Art for Our Sakes

    I wasn’t going to come today. Partly because the act of coming here—to America, as a non-American—is now a fraught, stressful, and even dangerous proposition for millions. Also: What’s the point? That’s what an old friend, another writer, asked me. By this he meant: Why talk about arts and letters when people are being gunned down in the streets? I’m going to answer the question as best I can, but I’ll say first that when I looked at the list of previous speakers and spotted the name E.M. Forster—and the year 1949—I was curious. I wondered what he could possibly have had to say to a room full of artists in the wreckage of World War II.

    So I dug up Forster’s remarks. But it turned out I’d already read them—and dismissed them—years ago, when I found them in his collection Two Cheers for Democracy. The essay is called “Art for Art’s Sake.” I prepared to reread it, not expecting much. “Art for Art’s Sake.” Really? Nothing could be less fashionable. It wasn’t fashionable in 1949. It’s never been fashionable, actually. As an idea, it is always under attack. By fascists, yes, but also by all kinds of well-meaning literary utilitarians. Whenever things get bad—and things are always getting bad—any fool who raises the cry “Art for art’s sake!” only makes themselves ridiculous. They’re lucky, in fact, if they get the whole sentence out before being trampled underfoot by a stampede of their fellow artists, all keen to demonstrate that they believe no such thing. Who feel the best a novel can do, and all it should attempt—“in the current climate”—is the articulation of an argument or ideology or else the provision of an alibi. One of America’s most influential and beloved writers, Ayn Rand, achieved all three with The Fountainhead, written in the middle of a war.

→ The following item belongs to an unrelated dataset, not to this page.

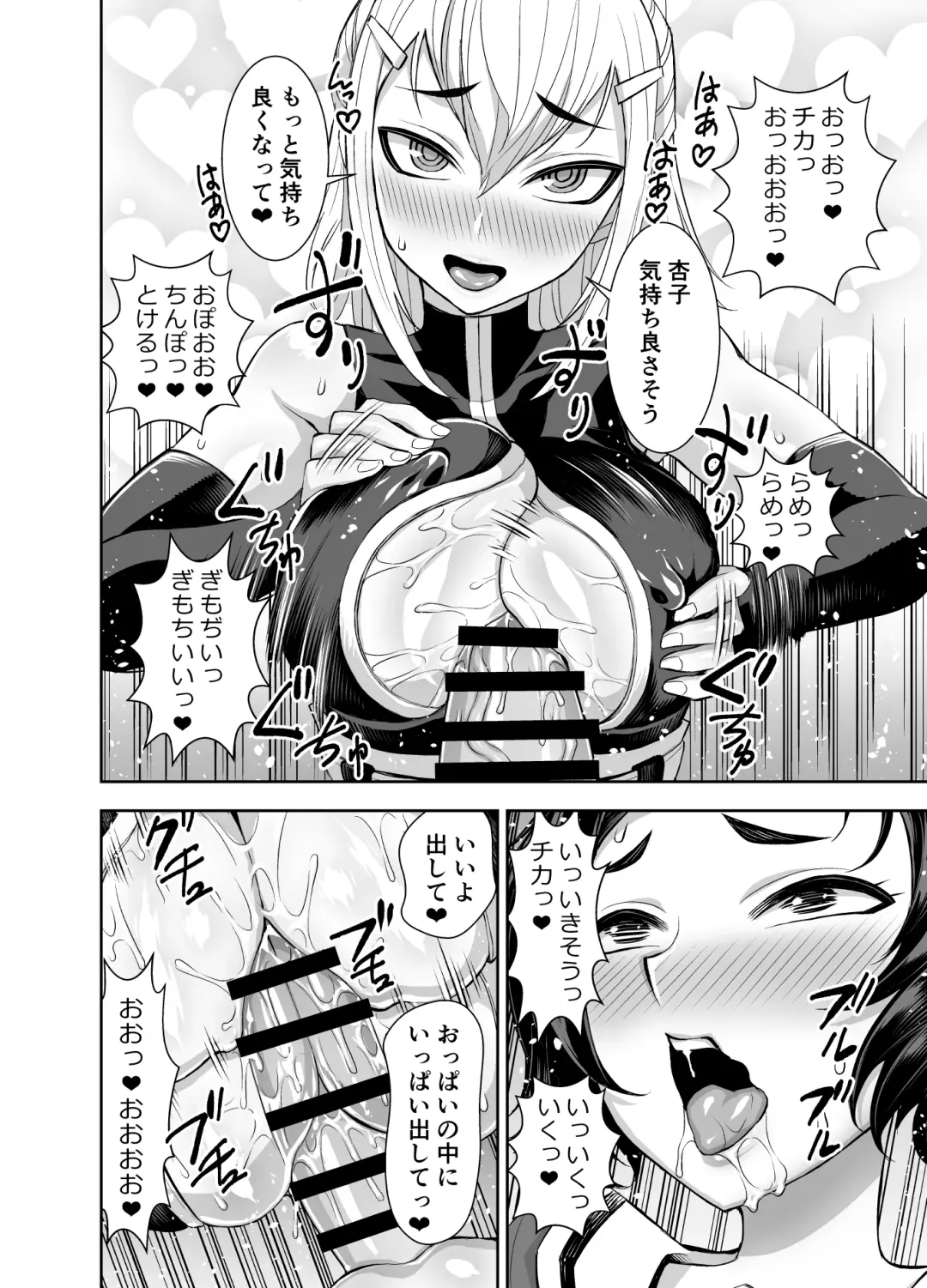 [Bonnari - Tatsubon] Isekai Futanari Tensei 3 Fhentai - Page 38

    Yet “art for art’s sake” is also, as Forster maintains, an idea “much misused and much abused.” He wants to dismiss, as he puts it, “a more dangerous heresy, namely the silly idea that only art matters…. Many things, besides art, matter.” This much established, he goes on to offer a concrete example of an artwork that matters: Macbeth. He notes its value as a source of Scottish history, as a study of power, and so on, although beyond the human and historical interest, he wants to defend “Macbeth for Macbeth’s sake…[as] a self-contained entity, with a life of its own imposed on it by its creator. It has internal order.” He contrasts this artistic order with our social and political lives, which represent, instead, “a series of disorders.” Ancient Athens, he thinks, “made a mess—but the Antigone stands up. Renaissance Rome made a mess—but the ceiling of the Sistine got painted. James I made a mess—but there was Macbeth.” The disorder and mess Forster blames on science. “We cannot reach social and political stability,” he writes,

    for the reason that we continue to make scientific discoveries and to apply them…. If Science would discover rather than apply—if, in other words, men were more interested in knowledge than in power—mankind would be in a far safer position.

    This is hard for us to compute, given what a religion we ourselves make of scientific progress. Not to mention that nowadays we are as likely to blame the artwork itself as the era from which it came. We feel that art does much to set the tone and create the mindset from which an era evolves. To really understand Forster, I think, you have to cast your mind back to 1949. Only four years earlier America had used an applied science to commit one of the greatest crimes in human history, in Japan. And when Forster goes on to suggest that our best chance of survival as a race might be via “inertia…[a] universal exhaustion”—well, that actually sounds familiar. How many of us today would prefer inertia to the planet-destroying fantasy of endless growth?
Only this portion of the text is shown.